Resourcefulness
In the winter of last year, I was on a train travelling north to a small country town. As I looked out a window I glimpsed a timber plantation partly harvested. You could see the stark line demarcating forest from a barren open field. Most of this timber, blue gums it seemed at a glance, was likely destined to be pulped for paper. It made me wonder again about the complexities of using timber as an architect.
Timber is a low embodied carbon material that can be farmed, it can replace more carbon intensive structural materials like concrete and steel when converted to an engineered product, and it is renewable if not logged from our immensely valuable native forests. In this form (using mostly softwoods) timber is a construction material with many environmental benefits. On the other hand, the innate strength and durability of solid hardwoods and the beauty of their close grains and warm colours, come at a significant environmental cost to our established forest ecosystem.
In Victoria, for building construction we have typically used a combination of plantation softwood (radiata pine) on a 20-30 year harvest rotation and native forest hardwoods (Victorian Ash, Yellow Stringybark, Ironbark and the like) harvested on longer 60-120 year rotations. We also import additional native forest timbers to meet overall demand.
However, in 2020, timber harvesting in old growth forests ended in Victoria. In 2024, the state government ceased native timber harvesting in Victorian state forests (logging on private land is still permitted). It also announced plans to significantly expand the public forest reserve of the state. Given the ongoing negative effects of logging on native forest*, this was a hugely significant step. How effectively these changes are being implemented is still the subject of ongoing debate.
So, gradually, the pure, uniform, older growth hardwood logged in a native forest and cut by a saw into refined, luxurious, timber pieces is becoming more difficult to source. Selective logging of hardwood species within privately owned native forest is far more sustainable than clear felling because it is more surgical, but still involves cutting down older trees in established forest areas. There are other alternatives to logging native forest timber that include recycled and salvaged pieces but unfortunately they are also ultimately finite resources.
The least impactful form of timber is a manufactured product utilising farmed trees, mostly radiata pine (occasionally other species like shining gum in Tasmania, or hoop pine in Queensland, are harvested for this purpose). It is a material that is more raw, industrial and commonplace, variations of common plywood, laminated and layered to greater thicknesses. For a timber structure to be better environmentally than concrete or steel it must also be salvaged and reused at the end of a building's life. Left to rot or burn it will release stored carbon dioxide straight back into the atmosphere.
Plantation farming also has its challenges, to avoid monocultures and impoverished ecosystems. Although it was somewhat of a shock to see the temporarily denuded landscape of the plantation outside my train window, it is still surely better than removing established native forest.
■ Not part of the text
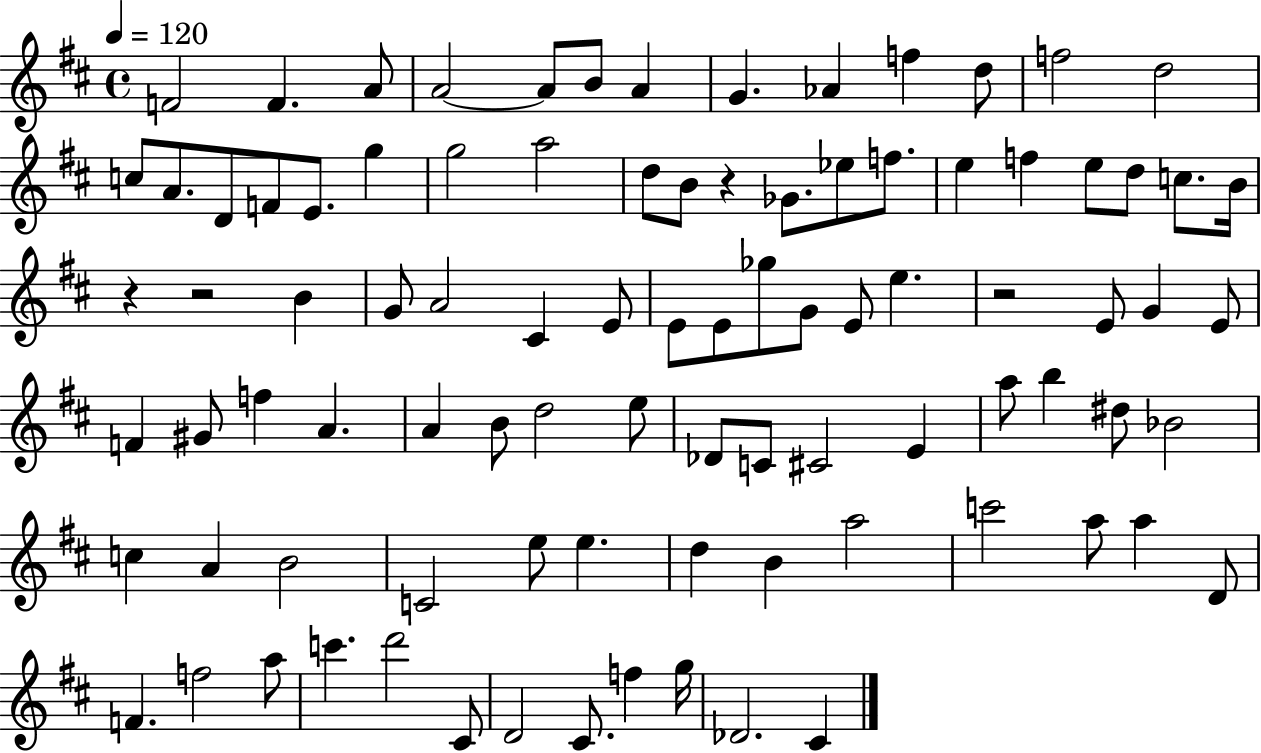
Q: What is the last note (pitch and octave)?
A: C#4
In a more general sense, that view from the train highlighted to me how voracious we are in terms of consuming our environment. A reminder too, that we should always understand as much as we can about the provenance of the materials we use. We need a rekindling of our resourcefulness, to make new things without being blind to where they have come from or indeed may end up.
*According to a 2020 ANU study by Chris Taylor and David B. Lindenmayer ('Temporal fragmentation of a critically endangered forest ecosystem') around 70% of Mountain Ash forests and 65% of Alpine Ash forests in Victoria were disturbed (directly or within 200m) either by industrial logging or the bushfires of 2009, over the previous twenty years.